- **SUPPLIED INFORMATION**:
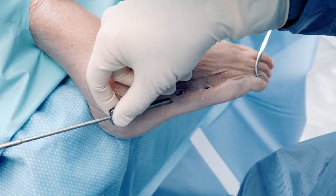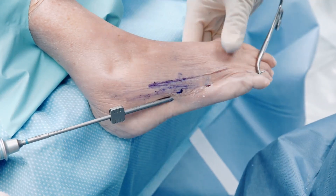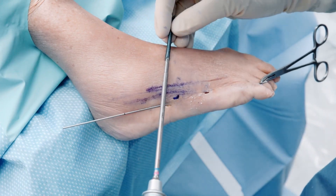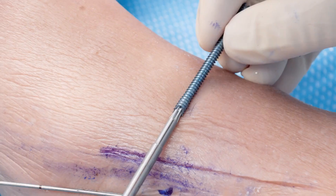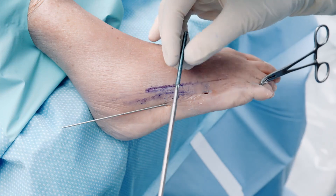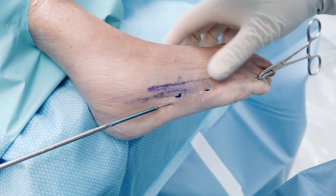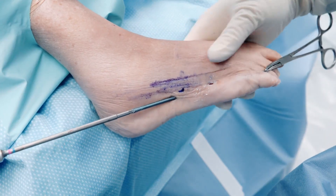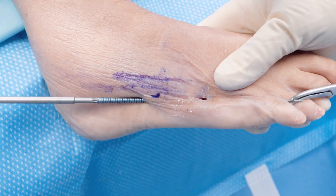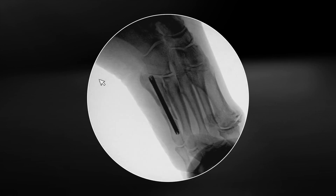We're going to drill over this under fluoro, not necessarily wanting to go through the medial cortex. If we line up the laser line on the drill with the laser line on the screw, we know what side the bevel is going to be on once the screw is buried in the soft tissue — it's just a little visual guide. It only works as long as you keep the driver engaged on the screw; once the driver is no longer engaged, you'll have to do it with fluoro. There's our final fixation and our final correction in the AP plane, and there's the lateral.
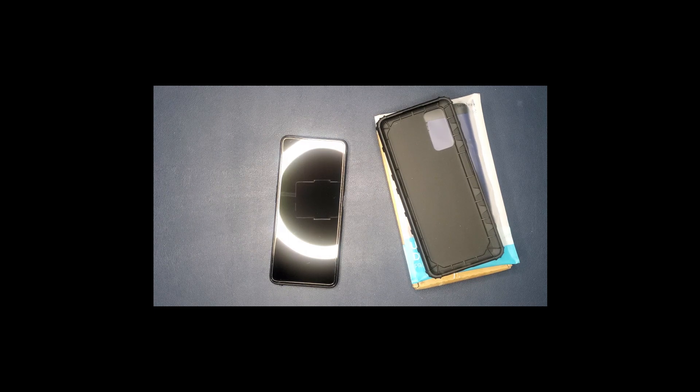Hey everybody and welcome back to my channel where I unbox and review random tech products. I'm KBB Alpha and today I have something a little different for you all. Today I'm going to go ahead and show off some different phone cases for a BLU G91 Max cell phone.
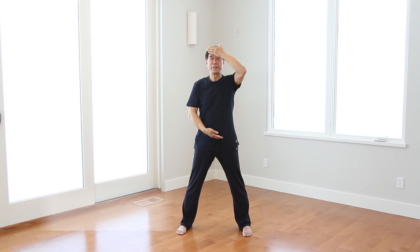First, do the Zhong Tian movement. Ready, blow. Left hand up, down. After Zhong Tian movement, into Sheng Zhen state.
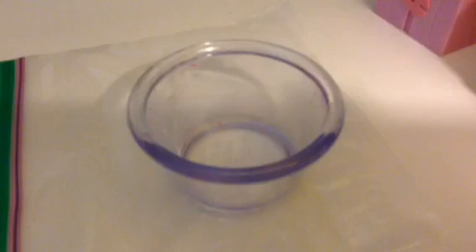Hi guys, welcome to another video. Today I'm testing out if lotion and some hand sanitizer works to make slime. The ingredients you're going to need are a bowl and a mixing tool.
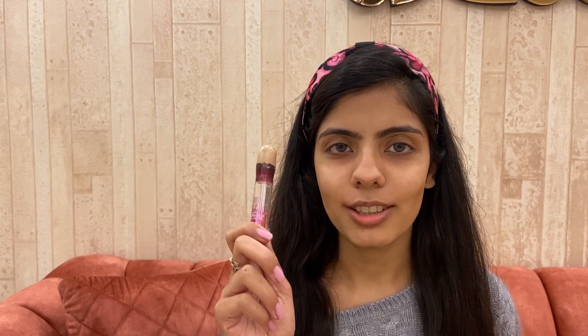We obviously won't be doing much on our face for an everyday look, but we definitely have to cover our dark circles. For that I'm going to use the Maybelline Instant Age Divine concealer.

- **EXERCISE**: Transcribe only this stretch of the data: the line with "Hey everybody and", the line with "Hi guys, welcome", and every line in between. Leave out the pictures.

- **OUTPUT BELOW**:
Hey everybody and welcome back to my channel where I unbox and review random tech products. I'm KBB Alpha and today I have something a little different for you all. Today I'm going to go ahead and show off some different phone cases for a BLU G91 Max cell phone.
First, do the Zhong Tian movement. Ready, blow. Left hand up, down. After Zhong Tian movement, into Sheng Zhen state.
Hi guys, welcome to another video. Today I'm testing out if lotion and some hand sanitizer works to make slime. The ingredients you're going to need are a bowl and a mixing tool.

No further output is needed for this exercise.